(Dataset entries)
┌──

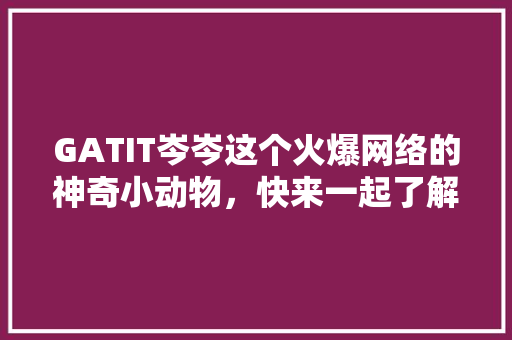 GATIT岑岑这个火爆网络的神奇小动物，快来一起了解！ 神马SEO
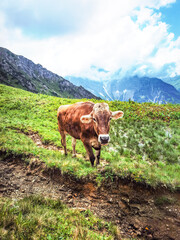 Animal background banner panorama - Funny cow in the mountains Allgäu Austria Alps, on green fresh meadow..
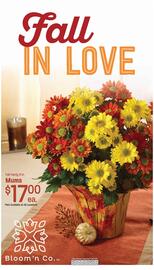 Maceys weekly ad week 37 Page 9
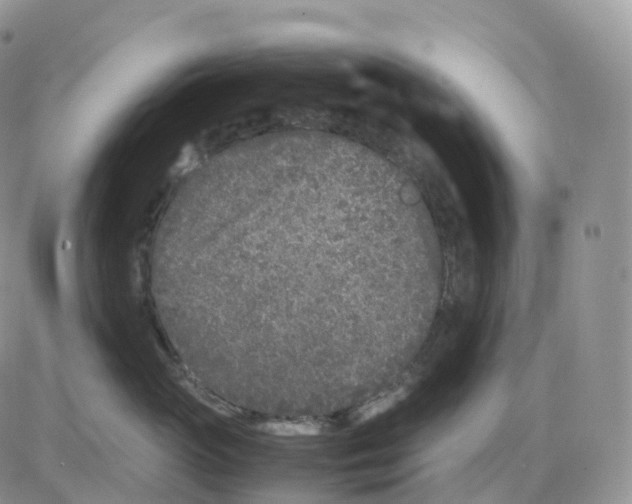 X0000086030765200704201946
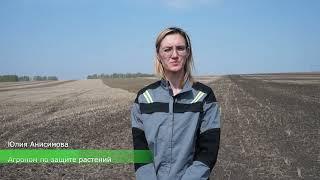 ОПЫТ/Оптимальные сроки внесения безводного аммиака/Часть 1
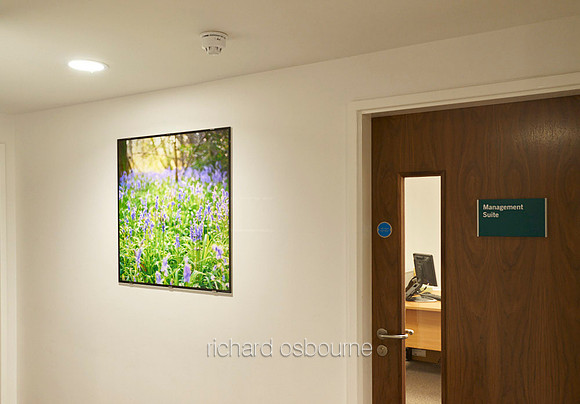 BMI The Alexandra Hospital, Cheadle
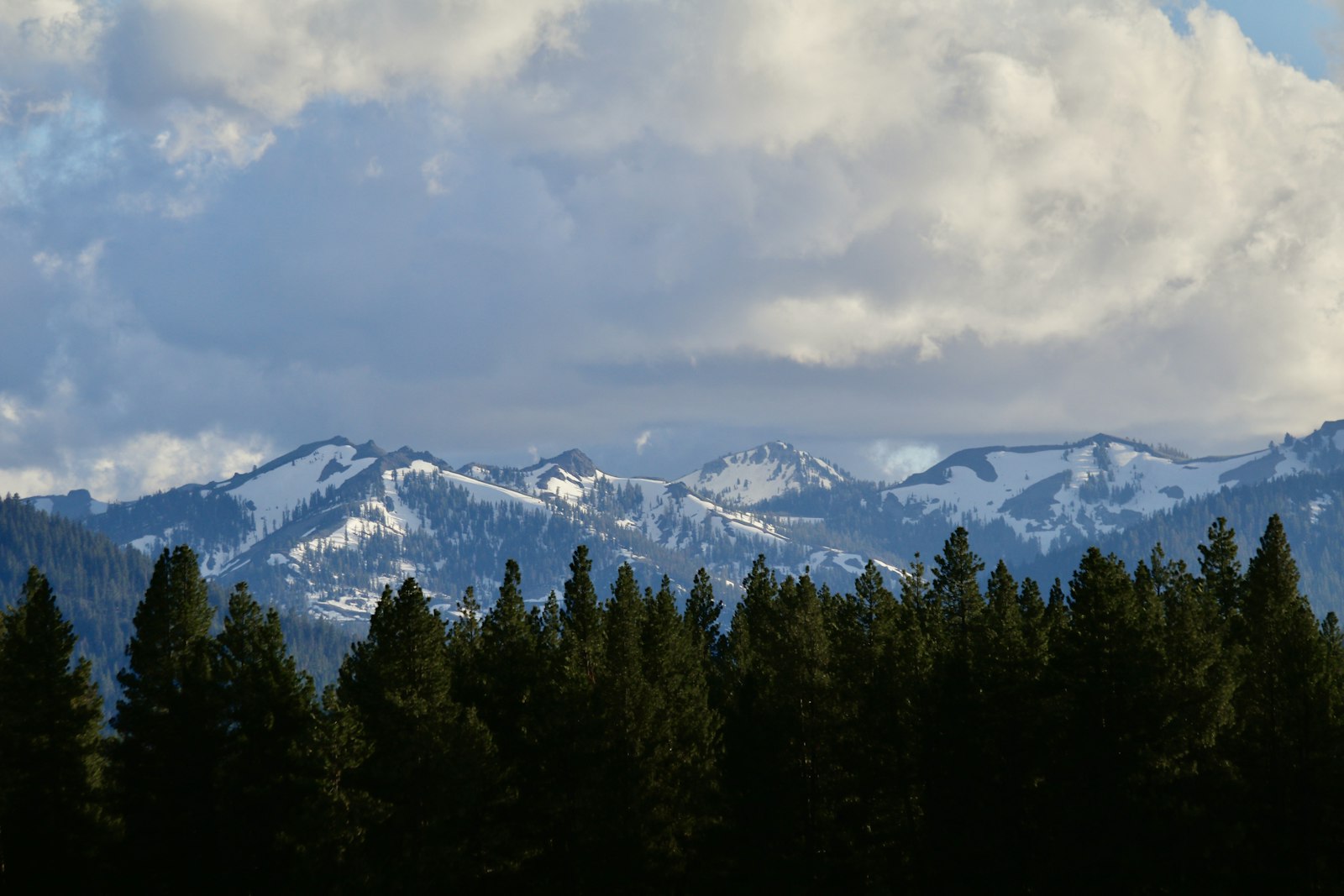 Snow-capped Sierra peaks above a pine forest near Truckee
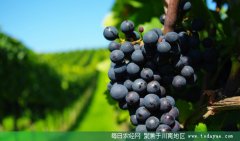 <b>宜宾：南溪葡萄避雨栽培大面积示范成功</b>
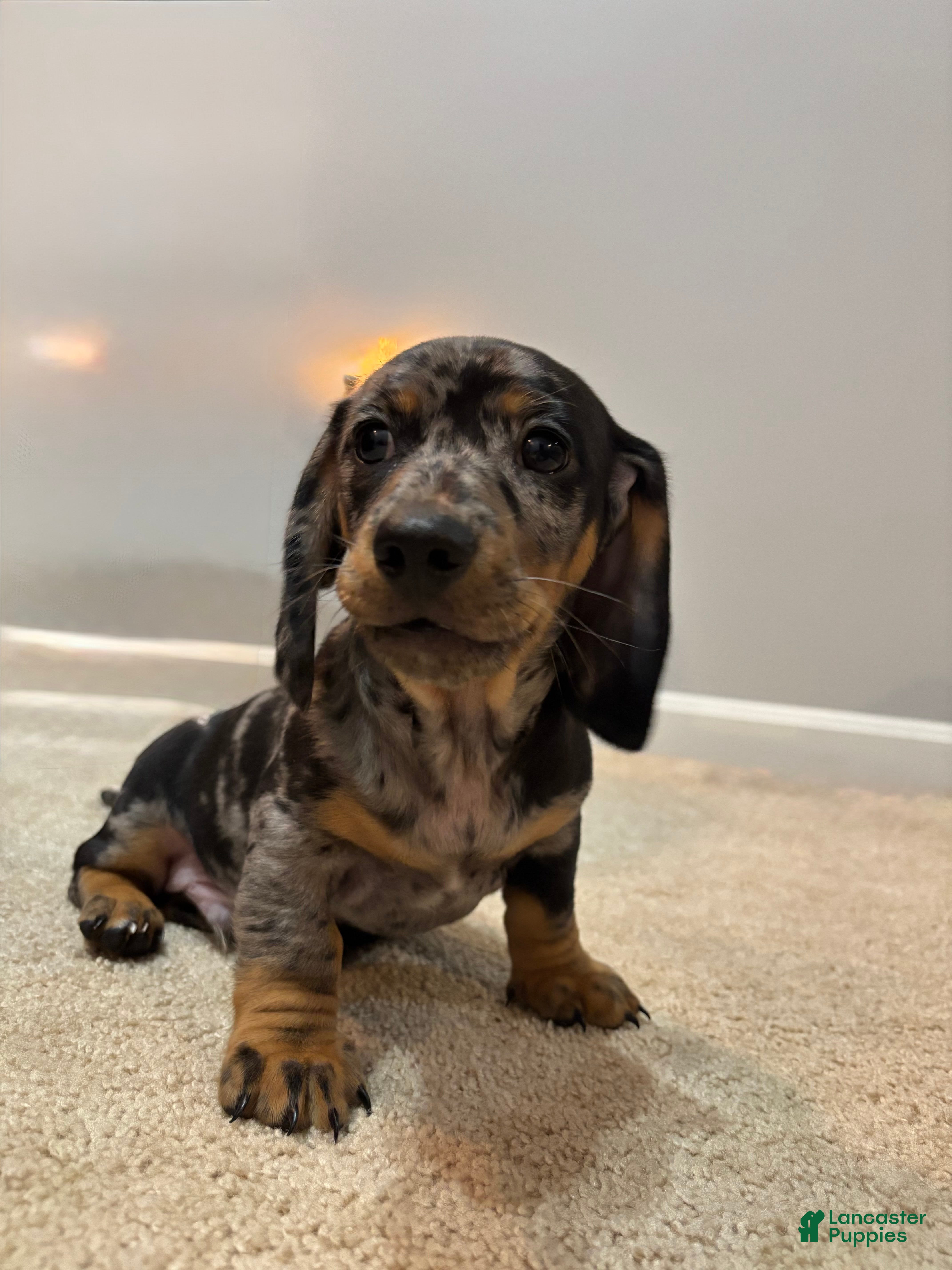 Miniature Dachshund dogs Romeo  - Ad 14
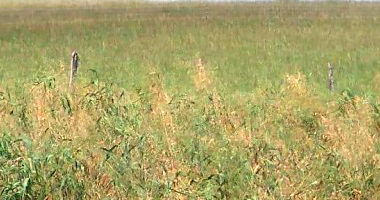 Fração Ideal de Terras de Campo em Mato Castelhano/RS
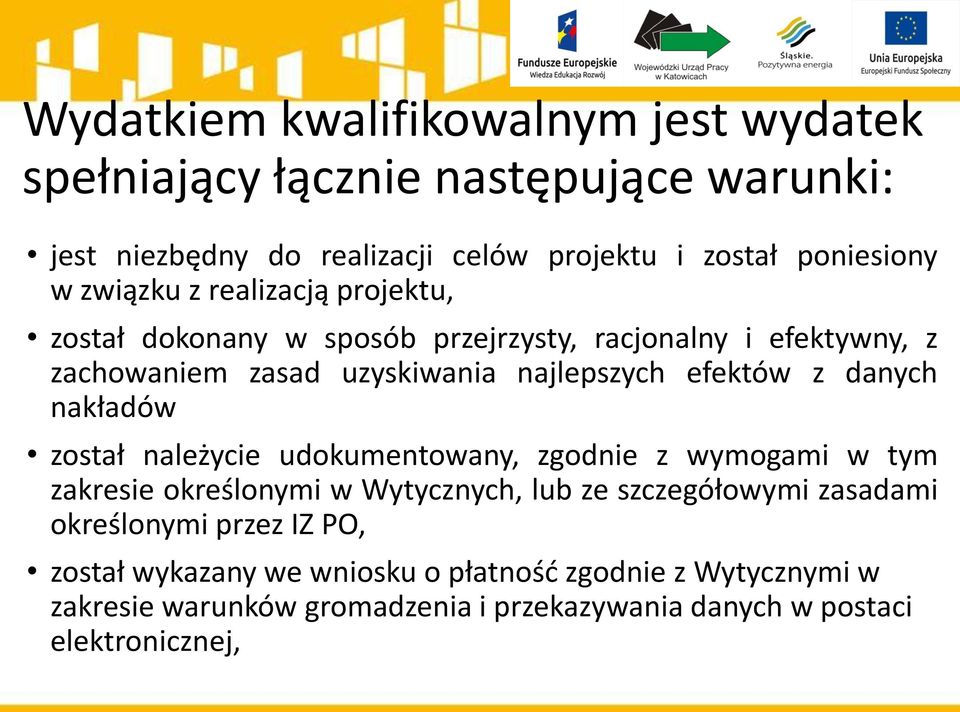 danych nakładów został należycie udokumentowany, zgodnie z wymogami w tym zakresie określonymi w Wytycznych, lub ze szczegółowymi zasadami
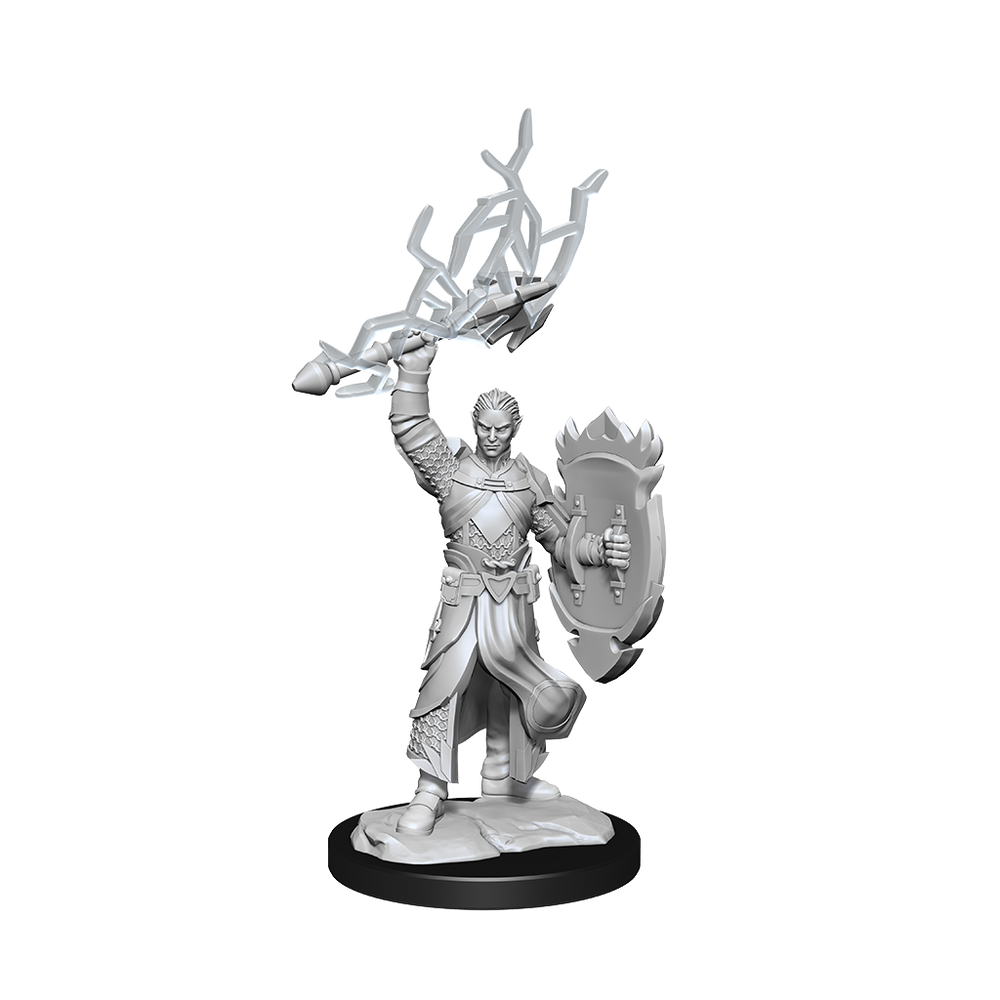 DND UNPAINTED MINIS WV14 HALF-ELF PALADIN MALE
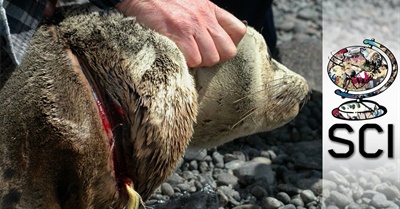 An Endless Plastic Wasteland?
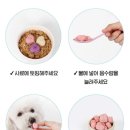 우리몽 | 알로키친 친환경 인증 강아지요거트 추천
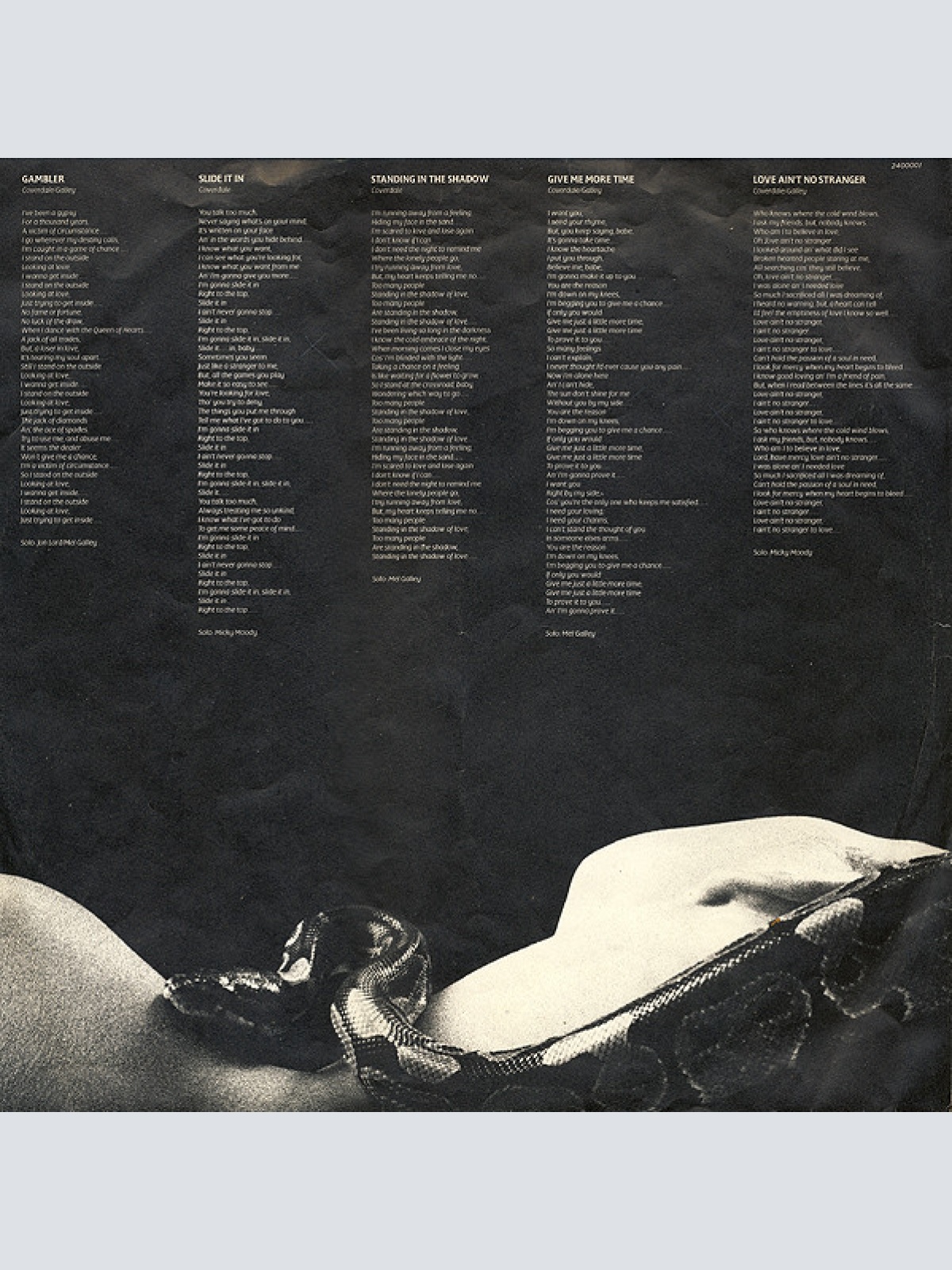 Vinyl / Whitesnake - Slide It In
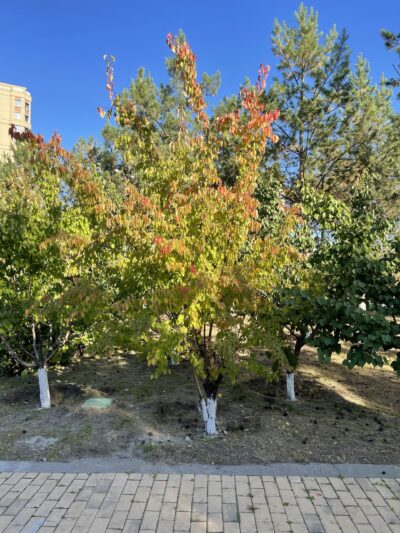 杏 (xìng) Prunus armeniaca L.-苏凡-001-20220908
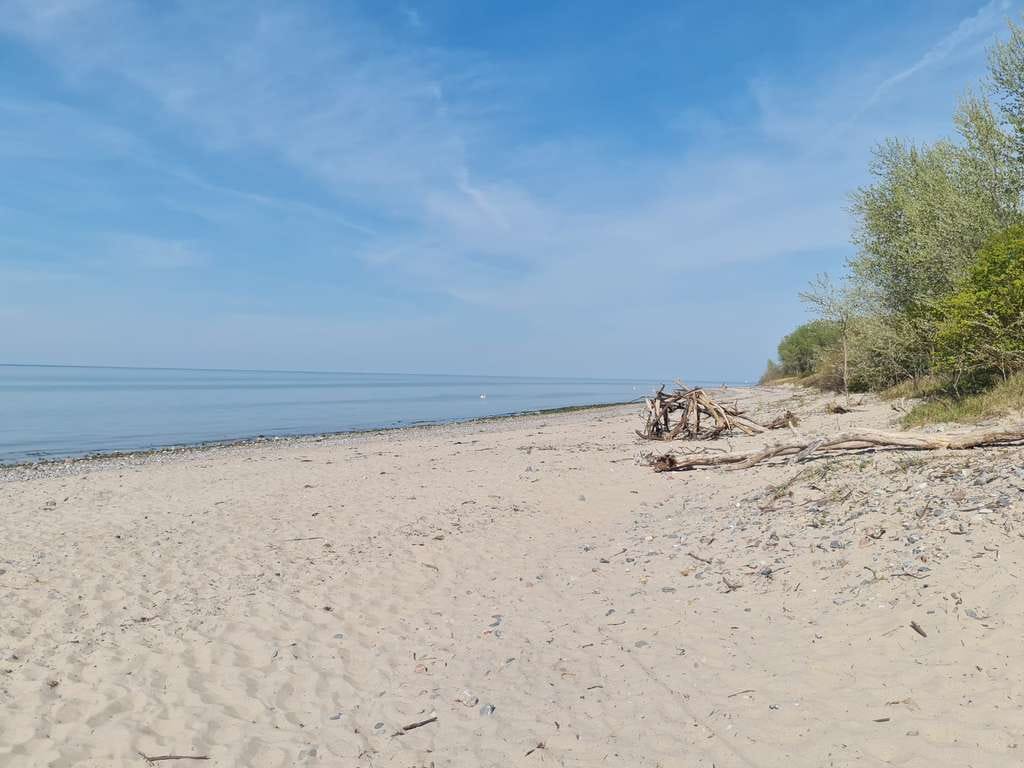 Immobilie in Kalkhorst - Attraktives Mehrfamilienhaus an der Ostsee! - Bild 2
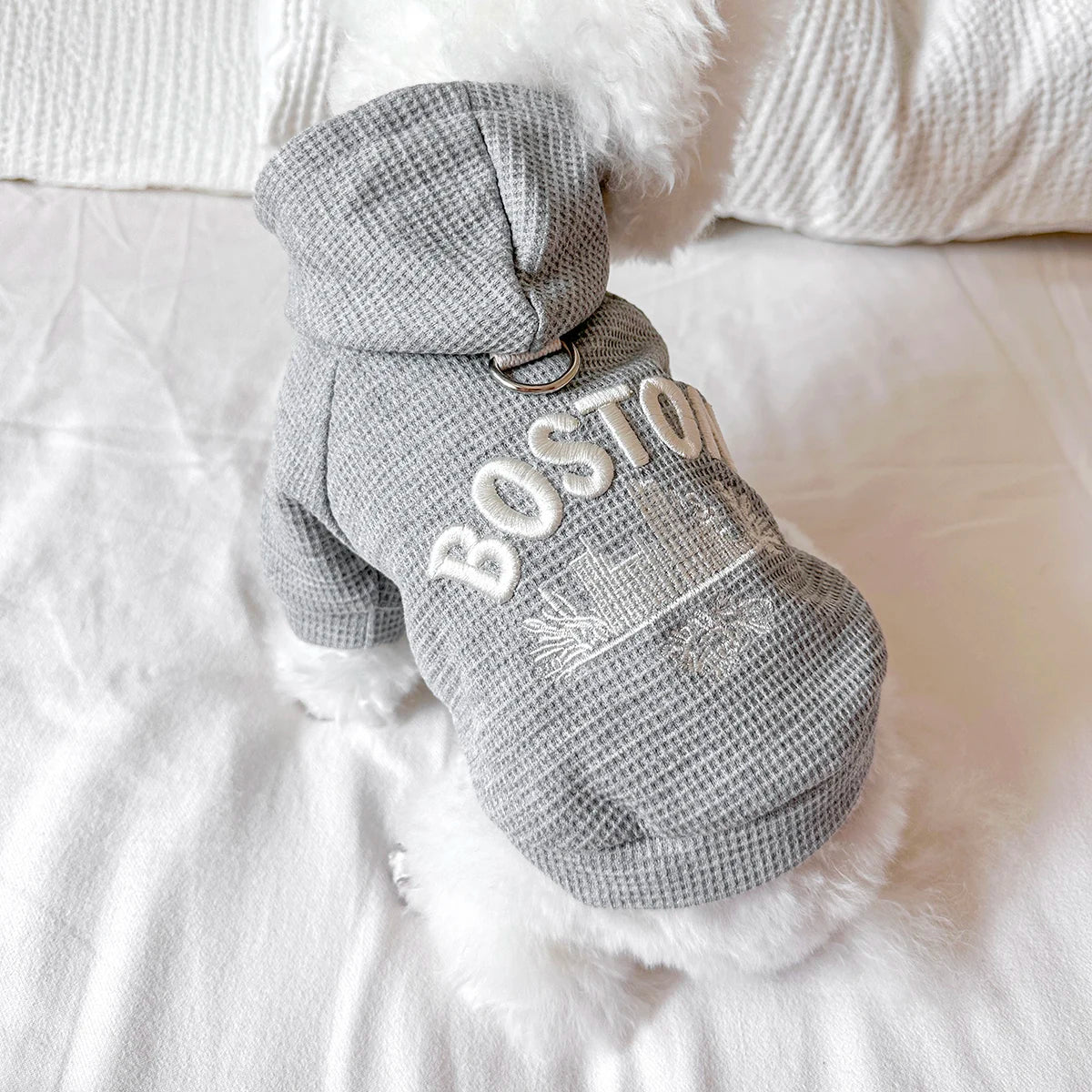 Pet Clothes Dog Cat Out Handsome Cute Casual Comfortable Spring Gray American Boston Sweater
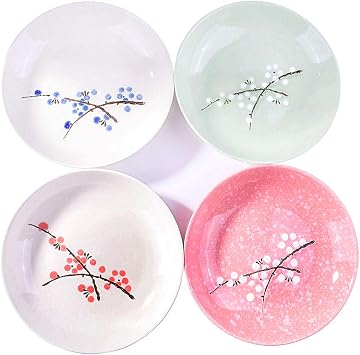 Japanese Ceramic Dinner Plate Set of 4, 8 Inch Porcelain Plates for Salad Cake Spaghetti
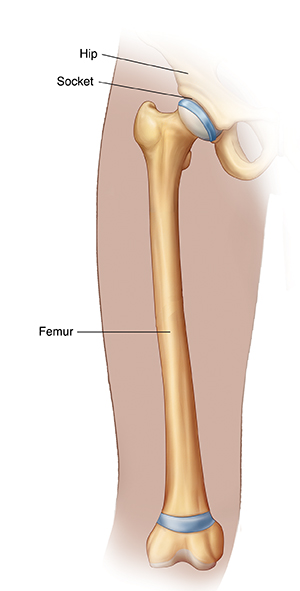 Dentley's femur bones clearance safe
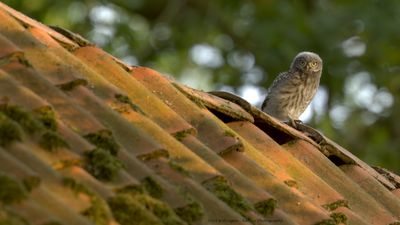 Athene noctua / Steenuil / Little owl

└──

## Assignment
Above are the records; please give again, exactly and in full, only the lines that run from the line with "DND UNPAINTED MINIS" through the line with "Dentley's femur bones clearance safe", with no pictures.

## Output for this task
 DND UNPAINTED MINIS WV14 HALF-ELF PALADIN MALE
 An Endless Plastic Wasteland?
 우리몽 | 알로키친 친환경 인증 강아지요거트 추천
 Vinyl / Whitesnake - Slide It In
 杏 (xìng) Prunus armeniaca L.-苏凡-001-20220908
 Immobilie in Kalkhorst - Attraktives Mehrfamilienhaus an der Ostsee! - Bild 2
 Pet Clothes Dog Cat Out Handsome Cute Casual Comfortable Spring Gray American Boston Sweater
 Japanese Ceramic Dinner Plate Set of 4, 8 Inch Porcelain Plates for Salad Cake Spaghetti
 Dentley's femur bones clearance safe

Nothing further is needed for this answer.